Soir 4 -
Causette à la buvette
« bilan et perspectives » avec les cinq directeurs artistiques

le dimanche 12 septembre,
à 19h30...

propos recueillis par
Corinne Schneider

Yann Robin, directeur artistique de l'ensemble Multilatérale

L’œuvre s’élabore tant que le désir existe… disait Paul Méfano. Si ce festival existe c’est parce qu’il y a ce désir : le désir collectif de rencontrer le public pendant quatre jours ; le désir de travailler tous les cinq ensemble ; le désir de construire aux côtés de nos équipes administratives et techniques ; et surtout, le désir de continuer tous ensemble, ça c’est certain.

Ce désir n’est pas né il y a deux ou trois ans, lorsque nous avons décidé d’initier ce festival ; c’est un désir que nous partageons depuis des années. Nous nous connaissons depuis quinze ou vingt ans et possédons chacun les bouts d’une histoire commune. Notre manière de travailler ensemble à l’élaboration de ce festival est la suivante : nous avons mis en place un comité artistique où nous réfléchissons tous les cinq à la programmation générale de chaque édition et à l’évolution de la forme du festival. Pour le futur, nous désirons ouvrir le festival à d’autres ensembles, français et étrangers. Nous avons chacun notre personnalité et des sensibilités artistiques différentes. Nous avons donc décidé de nous relayer et de nous passer le témoin de l’un à l’autre pour installer à chaque édition une couleur différente. L’année prochaine c’est Jérôme Combier qui prendra les orientations de l’édition 2022 pour la troisième édition du festival. Nous nous sommes déjà entendus pour l’attribution des deux commandes qui sont passées à la compositrice grecque Sofia Avramidou (née en 1988) et au compositeur italien Mauro Lanza (né en 1975). Quant à l’invitation de notre figure tutélaire, nous ne sommes pas encore tombés d’accord !

Gonzalo Bustos, directeur artistique de l'ensemble Sillages

La première édition du festival (septembre 2020), en pleine pandémie et entre deux confinements, fut un grand défi à relever. Nous avons réussi à créer ce festival et nous nous sommes quittés il y a un an avec l’envie décuplée de nous lancer dans la deuxième édition. La voici achevée et c’est pour nous tous une évidence d’engranger le troisième opus pour septembre 2022.

Philippe Hurel, directeur artistique de l'ensemble Court-circuit

Que dire des projets à venir, puisque nous sommes encore en train de discuter et nos discussions ne sont pas aussi tendres qu’elles peuvent paraître : nous nous étripons parfois pour parvenir à nous entendre… mais c’est justement ce débat qui est très intéressant !

Je voudrais rebondir sur l’idée de Paul Méfano qui énonçait dans l’hommage qui lui a été rendu, que le support de la diffusion de l’œuvre moderne se devait d’être moderne, en s’appuyant sur Kandinsky : « Ce qui est nouveau ne peut pas être présenté avec des formes anciennes… » C’est un sujet qui nous préoccupe depuis trente, voire quarante ans.
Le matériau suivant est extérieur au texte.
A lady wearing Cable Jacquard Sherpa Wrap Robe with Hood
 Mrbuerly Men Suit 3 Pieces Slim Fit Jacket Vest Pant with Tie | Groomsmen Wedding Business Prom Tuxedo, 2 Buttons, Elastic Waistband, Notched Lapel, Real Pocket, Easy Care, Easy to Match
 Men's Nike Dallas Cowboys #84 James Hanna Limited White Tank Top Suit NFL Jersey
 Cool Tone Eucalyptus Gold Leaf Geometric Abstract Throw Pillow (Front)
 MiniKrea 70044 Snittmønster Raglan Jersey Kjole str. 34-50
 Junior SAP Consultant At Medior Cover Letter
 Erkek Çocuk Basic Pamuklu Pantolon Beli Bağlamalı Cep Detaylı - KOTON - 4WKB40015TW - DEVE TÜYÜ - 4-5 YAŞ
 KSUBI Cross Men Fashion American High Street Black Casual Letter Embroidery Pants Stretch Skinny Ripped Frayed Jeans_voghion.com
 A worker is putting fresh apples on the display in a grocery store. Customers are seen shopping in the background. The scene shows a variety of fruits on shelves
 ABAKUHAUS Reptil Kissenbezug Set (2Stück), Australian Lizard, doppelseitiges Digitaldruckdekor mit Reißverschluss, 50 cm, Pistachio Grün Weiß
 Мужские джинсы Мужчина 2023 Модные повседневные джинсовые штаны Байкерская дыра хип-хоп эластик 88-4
Dernièrement, on a encore entendu dire : « le concert est mort ». Dans ce registre, le directeur actuel du Festival Musica de Strasbourg considère que le concert est un « vieux machin » et soutient qu’il faut changer de paradigme. Je suis contre cette idée-là. C’est comme si on disait : « le livre est fini » ; ce qui est absurde. Différentes formes d’expression de la création peuvent vivre ensemble : il y a de la place et de l’avenir pour la performance et pour le concert, pour l’improvisation et pour la musique écrite.

Le monde de la création est pluriel et nous prônons la tolérance à l’égard des différentes formes d’expression artistique.

Dans ce débat, nous nous sommes positionnés. Voici la question que nous posons : « Ne serait-ce pas le moment de défendre les musiques écrites ? ». Nous constatons chaque jour la perte de vitesse de l’écrit. Nous vivons une période très marquée par l’angoisse de la disparition, la disparition d’une civilisation, mais aussi la disparition de la biodiversité. Et je pense que les artistes font partie de cette biodiversité. Écrire aujourd’hui est un défi plus grand qu’écrire au XIXe siècle. Les œuvres que nous écrivons aujourd’hui sont comme des bouteilles lancées à la mer… C’est la raison pour laquelle nous avons créé ce festival. Nous voulons presser le mouvement pour partager nos travaux.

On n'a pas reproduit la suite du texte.